/OSM_buildingdetector

A project dedicated to making mapping easier on OpenStreetMap. 3rd place winner at HackIllinois 2019. Devpost: https://devpost.com/software/osm-building-detector

Primary LanguageJavaScriptMIT LicenseMIT

OpenStreetMap Building Detector

A demo in Champaign, IL

OpenStreetMap Building Detector was made to simplify and improve the mapping process on OpenStreetMap (https://www.openstreetmap.org/). At the moment, most OSM mappers do their work by hand. I built a Mask-RCNN, the current state of the art deep learning approach to object detection, to quickly detect buildings and improve mapping efficiency. With this platform, one can map a suburb in 10 minutes where previously it may have taken days if not weeks.

Quick Start

It is recommended that you create a project environment to manage all the dependencies of this project. Anaconda is a good option if you are new to programming in Python / using environments. To create the environment, run:

conda create -n ENV_NAME python=3.7 pip

Installing Dependencies:

conda activate ENV_NAME
pip install -r requirements.txt

Optionally, to make jupyter notebooks that run on the environment:

pip install ipykernel
ipython kernel install --user --name=ENV_NAME

Then, clone this repository onto your machine.

Finally, download the weights for the Mask-RCNN from here: https://drive.google.com/drive/folders/1IRCnYRwKLZUFQCZ8Imiy1_DUR8iFvoSB?usp=sharing
Put these inside the weights folder.

Run the following command and then navigate to http://127.0.0.1:5000/home/:

python application.py

Usage

Press the down arrows button to sync with OSM and see what is already mapped.
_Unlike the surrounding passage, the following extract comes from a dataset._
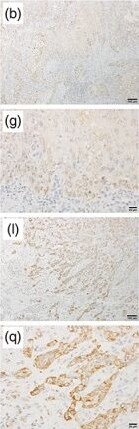 RGS5 Antibody (OTI1C1)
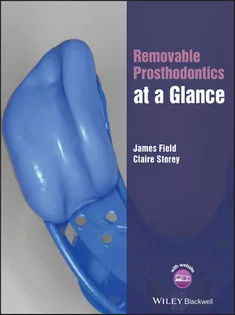Removable Prosthodontics at A Glance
Press the "M" button to use the Mask-RCNN. If you don't, you will use a very simple algorithm that does so-so at detecting buildings. After clicking "M", start clicking away! Feedback should be <0.5s. Note: the model runs on your local CPU, so the first time you use the Mask-RCNN you will have to wait a solid ~6s as the weights get loaded into memory. Afterwards, it should work instantly.

Press "DB" to activate delete mode. Click inside a building on the map, it will delete it. You can use this to clear bad finds by the model.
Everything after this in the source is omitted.